Datasets & Spreadsheet Design, Stephanie Falkowski

This project involves exploring datasets and thinking about spreadsheet design. The dataset used in this project comes from data.gov and concerns Graffiti removal in Chicago. Upon finding this dataset, I downloaded the CSV file.

The download CSV file button on the data.gove website

Opening this CSV file in OpenRefine, I took a look at the data and made some cursory observations about it. The column headings include things like:

Date the request was made to have graffiti removed,
Status of the job,
Date the job was completed,
Request number,
Type of surface the graffiti is on
Where the graffiti is
Street address
X-Y coordinates
Latitude and Longitude
Ward
Police District
Community Area

Naturally, the where the graffiti is and on what type of surface is useful information for those tasked with removing/covering it up, as is the street address. The Police District, Ward, and Community Area information would also make it easier to find. Having X-Y Coordinates and Latitude and Longitude seems overkill, but perhaps that is useful information for a city as big as Chicago.

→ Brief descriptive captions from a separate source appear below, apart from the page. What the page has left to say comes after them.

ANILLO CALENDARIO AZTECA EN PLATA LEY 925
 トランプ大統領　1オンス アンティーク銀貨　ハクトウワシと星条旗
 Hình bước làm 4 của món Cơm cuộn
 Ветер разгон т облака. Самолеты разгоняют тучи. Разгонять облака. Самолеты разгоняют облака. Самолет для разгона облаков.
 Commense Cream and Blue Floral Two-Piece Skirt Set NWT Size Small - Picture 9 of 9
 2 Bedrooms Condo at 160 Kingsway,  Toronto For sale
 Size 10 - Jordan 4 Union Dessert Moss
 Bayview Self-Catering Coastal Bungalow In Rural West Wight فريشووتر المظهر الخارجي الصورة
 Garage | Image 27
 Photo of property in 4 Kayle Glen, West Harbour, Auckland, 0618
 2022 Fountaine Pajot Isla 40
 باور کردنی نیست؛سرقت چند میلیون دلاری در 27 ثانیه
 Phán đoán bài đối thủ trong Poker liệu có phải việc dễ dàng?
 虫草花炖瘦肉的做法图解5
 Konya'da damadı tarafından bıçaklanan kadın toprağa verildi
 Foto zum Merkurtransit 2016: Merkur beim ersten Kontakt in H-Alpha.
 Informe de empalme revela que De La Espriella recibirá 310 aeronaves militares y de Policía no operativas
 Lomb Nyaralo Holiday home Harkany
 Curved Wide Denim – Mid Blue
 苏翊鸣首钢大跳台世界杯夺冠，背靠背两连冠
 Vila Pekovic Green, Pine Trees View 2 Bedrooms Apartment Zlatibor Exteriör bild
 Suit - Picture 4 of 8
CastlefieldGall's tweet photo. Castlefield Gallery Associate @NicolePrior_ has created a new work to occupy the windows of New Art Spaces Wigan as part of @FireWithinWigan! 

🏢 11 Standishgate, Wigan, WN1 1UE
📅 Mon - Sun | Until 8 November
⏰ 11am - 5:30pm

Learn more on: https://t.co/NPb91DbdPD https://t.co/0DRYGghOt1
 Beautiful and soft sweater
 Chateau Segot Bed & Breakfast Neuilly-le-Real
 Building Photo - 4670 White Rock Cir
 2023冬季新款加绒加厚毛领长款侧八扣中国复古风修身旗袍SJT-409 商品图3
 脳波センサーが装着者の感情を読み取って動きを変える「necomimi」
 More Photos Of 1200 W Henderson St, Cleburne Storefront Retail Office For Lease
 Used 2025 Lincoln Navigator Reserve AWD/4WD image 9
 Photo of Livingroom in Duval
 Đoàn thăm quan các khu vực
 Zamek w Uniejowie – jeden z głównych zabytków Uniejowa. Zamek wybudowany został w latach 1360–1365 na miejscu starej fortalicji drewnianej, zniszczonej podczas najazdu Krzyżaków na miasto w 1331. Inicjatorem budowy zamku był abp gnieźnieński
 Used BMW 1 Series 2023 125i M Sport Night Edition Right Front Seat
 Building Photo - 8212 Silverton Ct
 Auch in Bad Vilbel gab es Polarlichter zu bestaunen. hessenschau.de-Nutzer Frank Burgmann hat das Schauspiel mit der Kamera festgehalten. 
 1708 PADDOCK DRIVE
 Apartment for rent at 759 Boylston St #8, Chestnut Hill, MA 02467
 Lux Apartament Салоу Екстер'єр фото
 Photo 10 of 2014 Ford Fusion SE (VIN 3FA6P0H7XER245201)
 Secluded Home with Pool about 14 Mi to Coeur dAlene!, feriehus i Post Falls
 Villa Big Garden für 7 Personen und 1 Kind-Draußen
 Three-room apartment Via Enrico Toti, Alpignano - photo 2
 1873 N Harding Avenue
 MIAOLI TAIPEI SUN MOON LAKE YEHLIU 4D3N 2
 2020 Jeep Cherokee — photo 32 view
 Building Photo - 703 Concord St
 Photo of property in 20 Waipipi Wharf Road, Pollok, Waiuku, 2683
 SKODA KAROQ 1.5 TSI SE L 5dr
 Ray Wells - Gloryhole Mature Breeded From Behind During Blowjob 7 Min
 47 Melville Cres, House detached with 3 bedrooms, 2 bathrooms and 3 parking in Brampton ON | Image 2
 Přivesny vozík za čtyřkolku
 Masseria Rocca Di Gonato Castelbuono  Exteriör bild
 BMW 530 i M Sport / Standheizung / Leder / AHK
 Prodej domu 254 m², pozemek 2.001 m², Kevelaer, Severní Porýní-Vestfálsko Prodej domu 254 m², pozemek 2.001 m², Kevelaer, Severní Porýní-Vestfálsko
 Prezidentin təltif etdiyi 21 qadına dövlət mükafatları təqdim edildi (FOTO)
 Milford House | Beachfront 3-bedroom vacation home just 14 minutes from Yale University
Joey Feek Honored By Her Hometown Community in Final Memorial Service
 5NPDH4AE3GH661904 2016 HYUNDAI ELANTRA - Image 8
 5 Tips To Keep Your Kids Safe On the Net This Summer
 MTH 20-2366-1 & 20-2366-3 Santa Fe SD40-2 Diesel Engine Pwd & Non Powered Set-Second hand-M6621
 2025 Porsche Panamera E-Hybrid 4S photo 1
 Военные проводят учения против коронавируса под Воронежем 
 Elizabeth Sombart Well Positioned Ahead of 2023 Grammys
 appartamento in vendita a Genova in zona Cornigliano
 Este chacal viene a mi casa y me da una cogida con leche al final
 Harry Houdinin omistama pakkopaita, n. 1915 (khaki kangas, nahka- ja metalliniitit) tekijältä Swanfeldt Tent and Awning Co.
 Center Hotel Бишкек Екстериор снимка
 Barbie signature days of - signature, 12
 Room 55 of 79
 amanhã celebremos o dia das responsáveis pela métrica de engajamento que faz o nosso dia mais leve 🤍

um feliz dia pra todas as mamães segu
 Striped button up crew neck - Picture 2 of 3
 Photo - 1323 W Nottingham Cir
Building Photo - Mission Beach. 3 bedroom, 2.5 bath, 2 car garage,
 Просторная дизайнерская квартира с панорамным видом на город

Having three columns, one for latitude, one for longitude, and one for both, seemed unnecessary,

chart showing Latitude, Longitude, and both together — latitude and longitude information split,
but next to a column listing the coordinates together

One column heading that definitely seemed redundant to this dataset is “type of service requested,” since the same info was entered for each entry, namely “graffiti removal.” This was confirmed by running a text facet on this column, which returned only the one choice.

Facet showing graffiti removal as the only option for the type of service request column — “Graffiti Removal” – the only choice for
“Type of Service Request” in this Spreadsheet

Another curious choice was revealed by running another text facet on the column “where is the Graffiti located?” While this returned information about the most and least common places to be graffitied, it also turned up the detail that one of the requests was for an expressway with the note “DSS will NOT remove.”

Facet on "Where" returns unexpected result — Facet on “Where is the Graffiti located?” returns an unexpected result – Is this the best place for the information that DSS will not remove the Graffiti?

Request marked "Will not remove" listed as "Complete" — Request with the “Will NOT remove” note marked as “Completed”
The “Status” column may have been the more obvious place to put the “will not remove” info.

This information was not included in the “status” field where I might have expected it, in fact this specific request is marked completed. Such is the information that can gathered when thinking about spreadsheet design, what information should be collected and how and where should it be entered.